Nota
O acesso a esta página requer autorização. Podes tentar iniciar sessão ou mudar de diretório.
O acesso a esta página requer autorização. Podes tentar mudar de diretório.
Aplica-se a: 
.NET Framework .NET .NET Standard
Proteger o acesso à sua fonte de dados é um dos objetivos mais importantes ao proteger um aplicativo. Uma cadeia de ligação apresenta uma potencial vulnerabilidade se não estiver segura. Armazenar informações de conexão em texto simples ou mantê-las na memória corre o risco de comprometer todo o sistema. As strings de ligação embutidas no seu código-fonte podem ser lidas usando o Ildasm.exe (IL Disassembler) para visualizar a linguagem intermédia Microsoft (MSIL) numa assembly compilada.
Vulnerabilidades de segurança envolvendo cadeias de conexão podem surgir com base no tipo de autenticação usado, como as cadeias de conexão são persistidas na memória e no disco e as técnicas usadas para construí-las em tempo de execução.
Utilizar autenticação no Windows
Para ajudar a limitar o acesso à sua fonte de dados, você deve proteger as informações de conexão, como ID de usuário, senha e nome da fonte de dados. Para evitar expor informações dos utilizadores, recomendamos a utilização da autenticação Windows (por vezes referida como segurança integrada) sempre que possível. A autenticação do Windows é especificada numa cadeia de ligação usando as Integrated Security palavras-chave ou, Trusted_Connection eliminando a necessidade de usar um ID de utilizador e palavra-passe. Ao usar a autenticação do Windows, os usuários são autenticados pelo Windows e o acesso aos recursos do servidor e do banco de dados é determinado pela concessão de permissões a usuários e grupos do Windows.

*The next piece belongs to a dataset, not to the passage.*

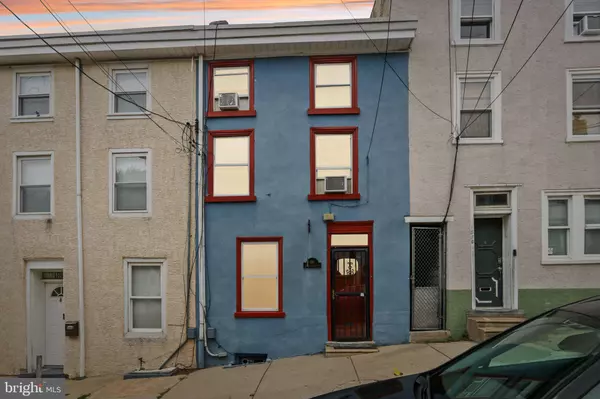 Philadelphia, PA 19127,186 CONARROE ST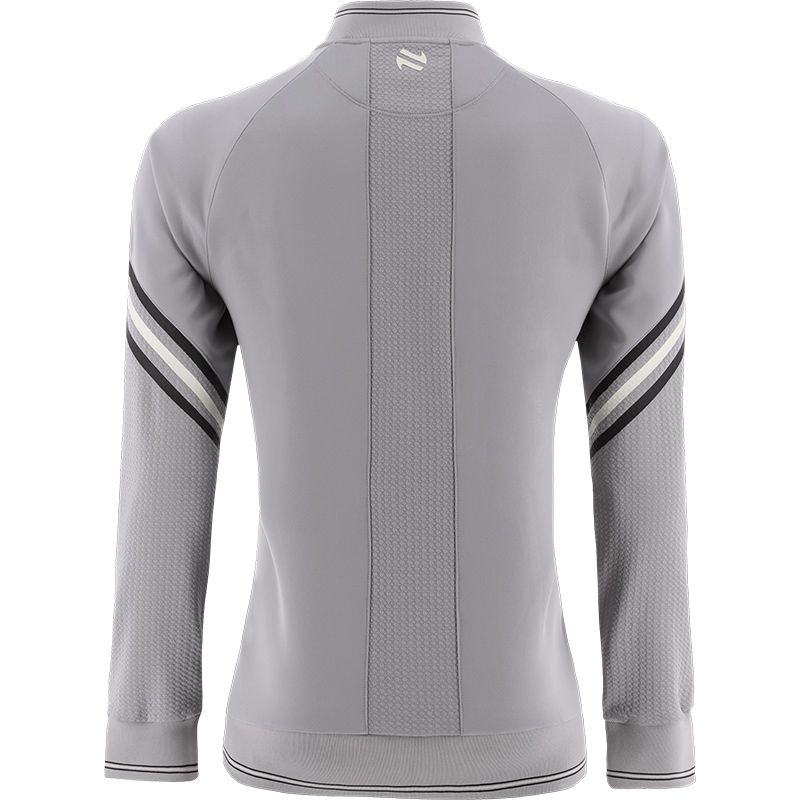 O'Neills Clare GAA Men's Weston Hybrid Full Zip Top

Para situações em que não é possível usar autenticação Windows, deve ter cuidado extra porque as credenciais do utilizador ficam expostas na cadeia de ligação. Em um aplicativo ASP.NET, você pode configurar uma conta do Windows como uma identidade fixa que é usada para se conectar a bancos de dados e outros recursos de rede. Você habilita a representação no elemento identity no arquivo web.config e especifica um nome de usuário e senha.
<identity impersonate="true"
userName="MyDomain\UserAccount"
password="<password>" />
A conta de identidade fixa deve ser uma conta de baixo privilégio à qual foram concedidas apenas as permissões necessárias no banco de dados. Além disso, você deve criptografar o arquivo de configuração para que o nome de usuário e a senha não sejam expostos em texto não criptografado.
Evite ataques de injeção com construtores de strings de conexão
Um ataque de injeção de cadeia de conexão pode ocorrer quando a concatenação dinâmica de cadeia de caracteres é usada para criar cadeias de conexão com base na entrada do usuário. Se a entrada do usuário não for validada e o texto ou caracteres mal-intencionados não forem escapados, um invasor poderá acessar dados confidenciais ou outros recursos no servidor. Para resolver este problema, o Microsoft SqlClient Data Provider para SQL Server introduziu uma nova classe connection string builder para validar a sintaxe das strings de ligação e garantir que não são introduzidos parâmetros adicionais. Para obter mais informações, consulte Construtores de cadeias de conexão.
Use "Persistir Informação de Segurança=falso"
O valor padrão para Persist Security Info é false, recomendamos usar esse padrão em todas as cadeias de conexão. Configuração Persist Security Info ou trueyes permite que informações confidenciais de segurança, incluindo o ID de usuário e a senha, sejam obtidas de uma conexão depois que ela for aberta. Quando Persist Security Info está definido para false ou no, a informação de segurança é descartada após ser usada para abrir a ligação, garantindo que uma fonte não confiável não tenha acesso a informações sensíveis à segurança.
Encriptar ficheiros de configuração
Aplica-se a: .NET Framework; .NET
Você também pode armazenar cadeias de conexão em arquivos de configuração, o que elimina a necessidade de incorporá-las no código do seu aplicativo. Os ficheiros de configuração são ficheiros XML padrão para os quais o .NET Framework definiu um conjunto comum de elementos. As strings de ligação nos ficheiros de configuração são normalmente armazenadas dentro do <elemento connectionStrings> na app.config para uma aplicação Windows, ou no ficheiroweb.config para uma aplicação ASP.NET. Para mais informações sobre o básico de armazenamento, recuperação e encriptação de cadeias de ligação a partir de ficheiros de configuração, consulte Cadeias de Ligação e Ficheiros de Configuração.